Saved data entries
——————————

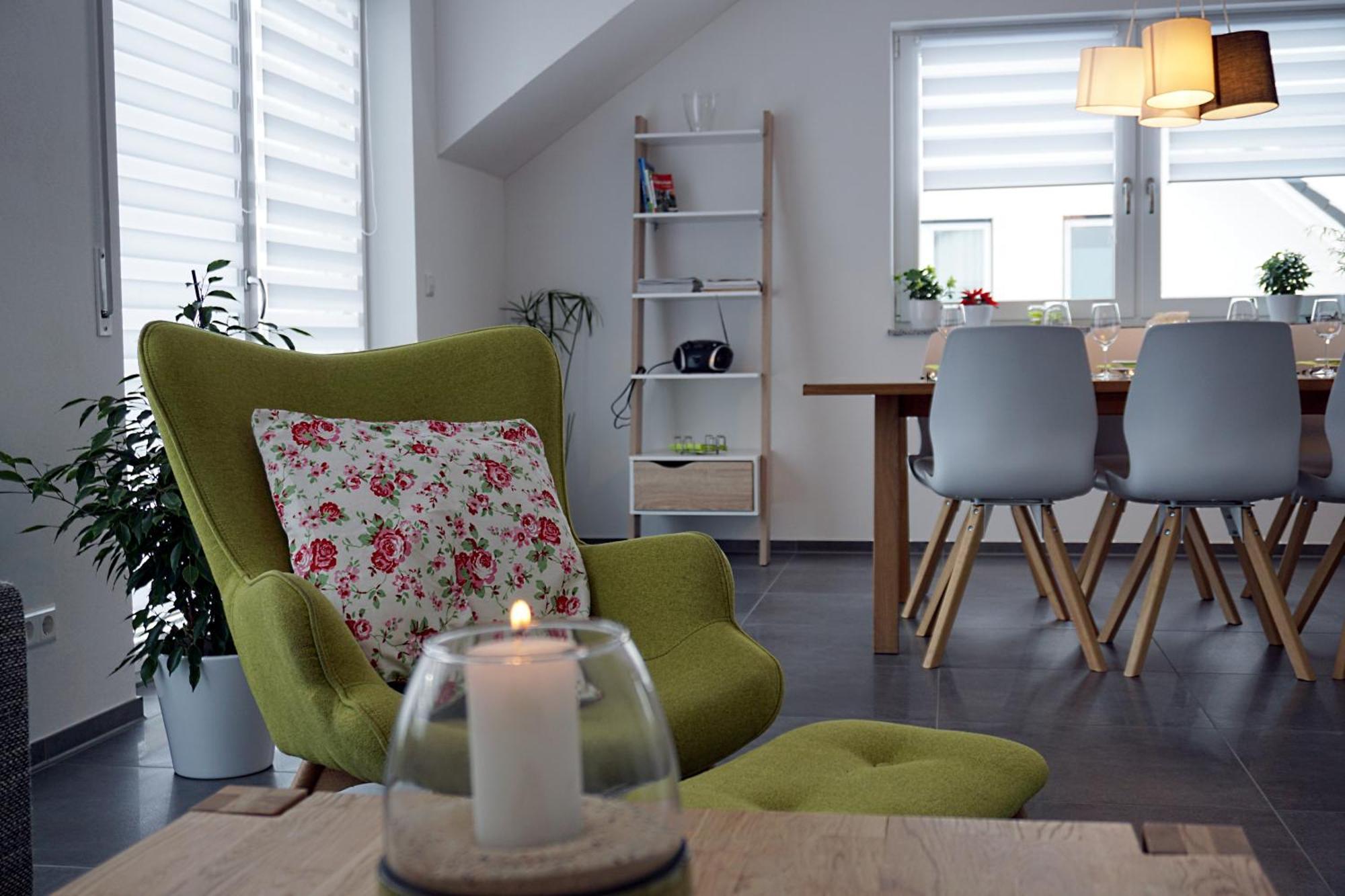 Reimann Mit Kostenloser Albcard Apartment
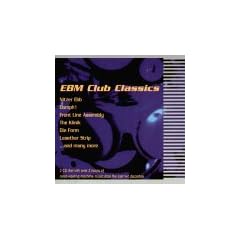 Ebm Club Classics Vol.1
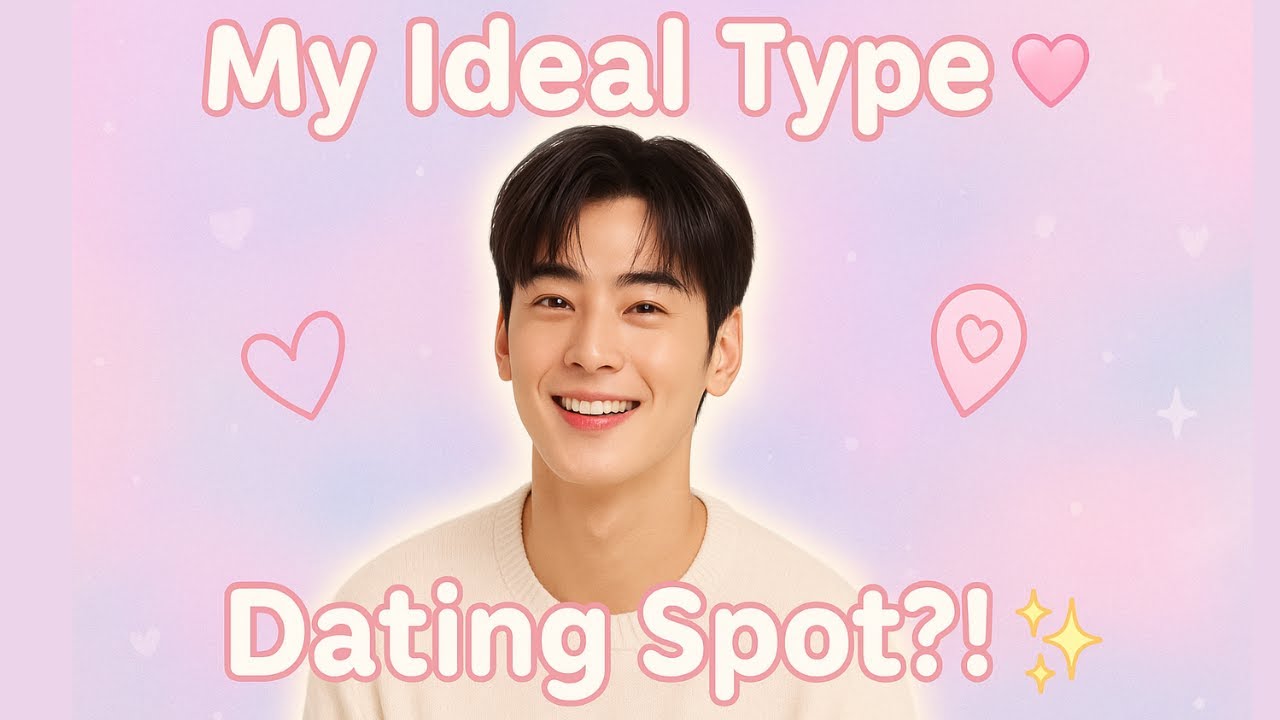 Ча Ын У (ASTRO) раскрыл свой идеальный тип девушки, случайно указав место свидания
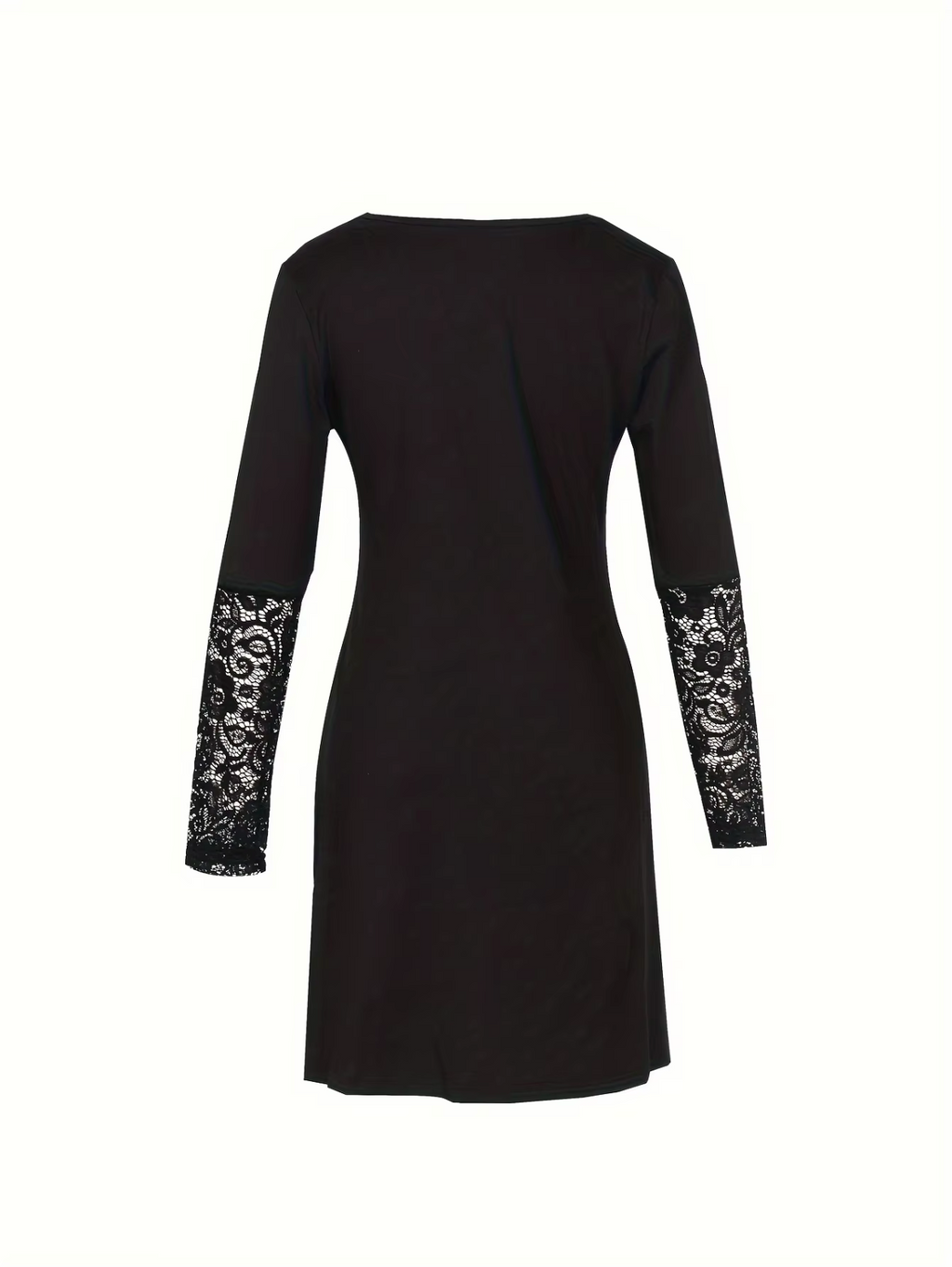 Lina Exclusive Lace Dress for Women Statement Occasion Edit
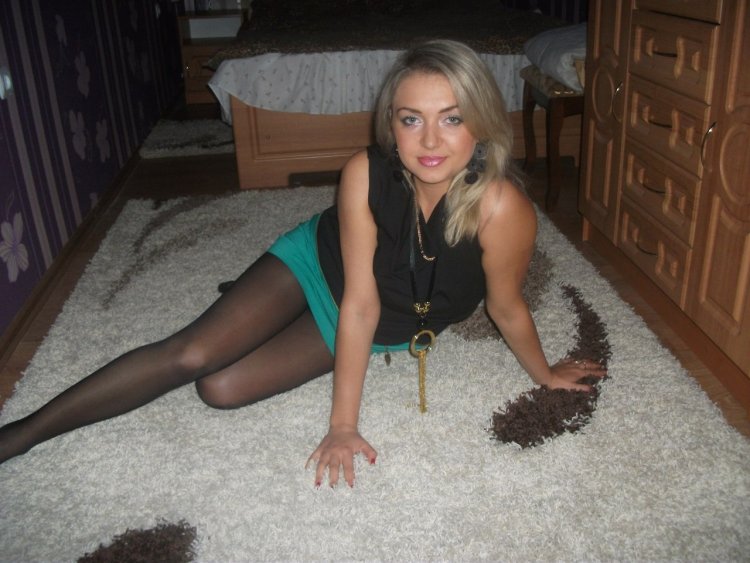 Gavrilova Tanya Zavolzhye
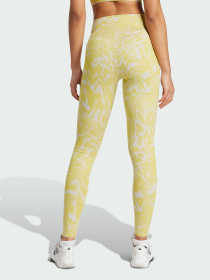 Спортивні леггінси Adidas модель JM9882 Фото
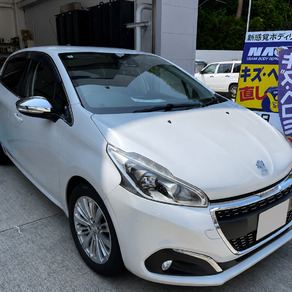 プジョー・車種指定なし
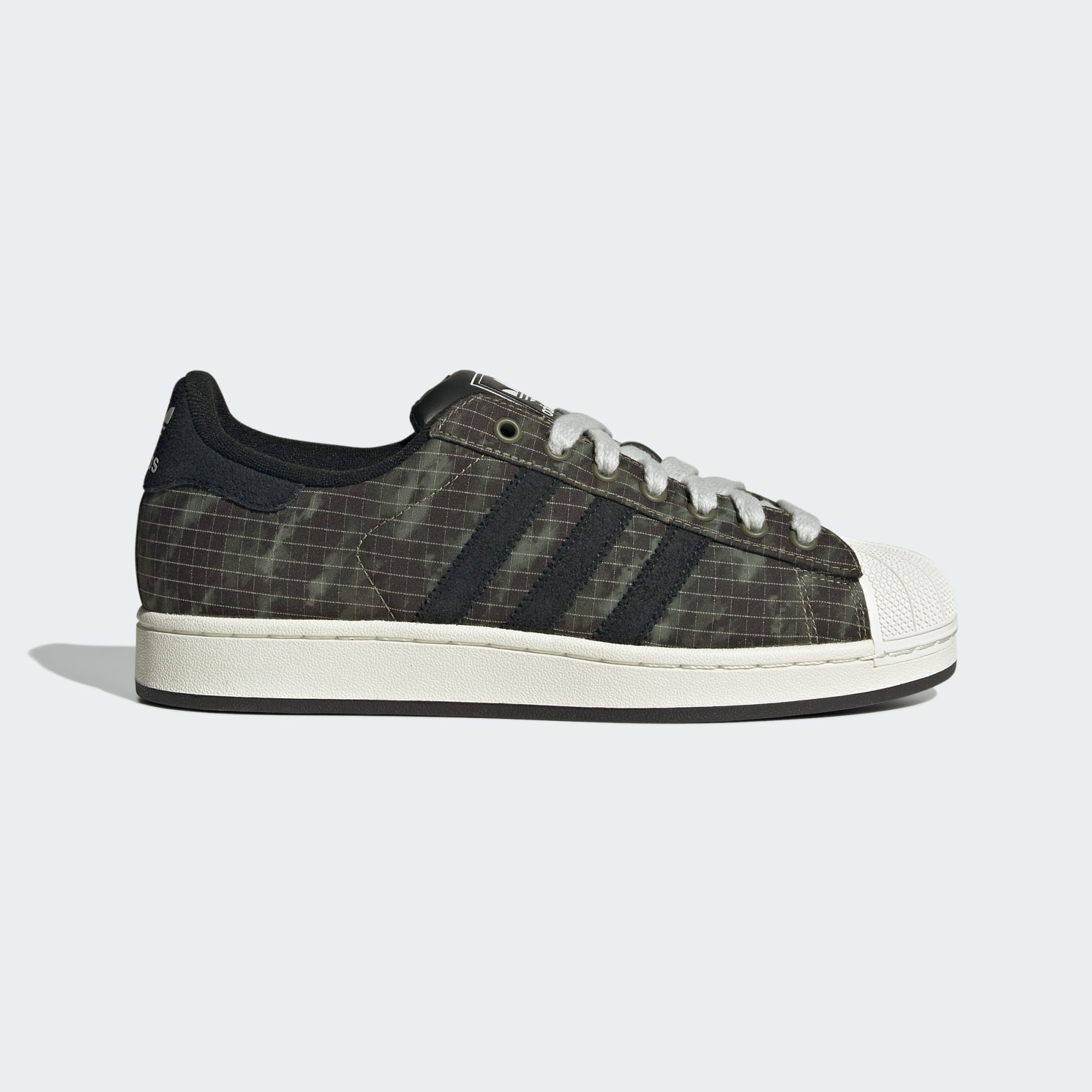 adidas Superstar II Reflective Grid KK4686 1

——————————

About this task => Every line above in the stretch from the one with "Ebm Club Classics Vol.1" through the one with "プジョー・車種指定なし" is to be transcribed exactly, ends included. No picture is copied.

Solved problem =>
 Ebm Club Classics Vol.1
 Ча Ын У (ASTRO) раскрыл свой идеальный тип девушки, случайно указав место свидания
 Lina Exclusive Lace Dress for Women Statement Occasion Edit
 Gavrilova Tanya Zavolzhye
 Спортивні леггінси Adidas модель JM9882 Фото
 プジョー・車種指定なし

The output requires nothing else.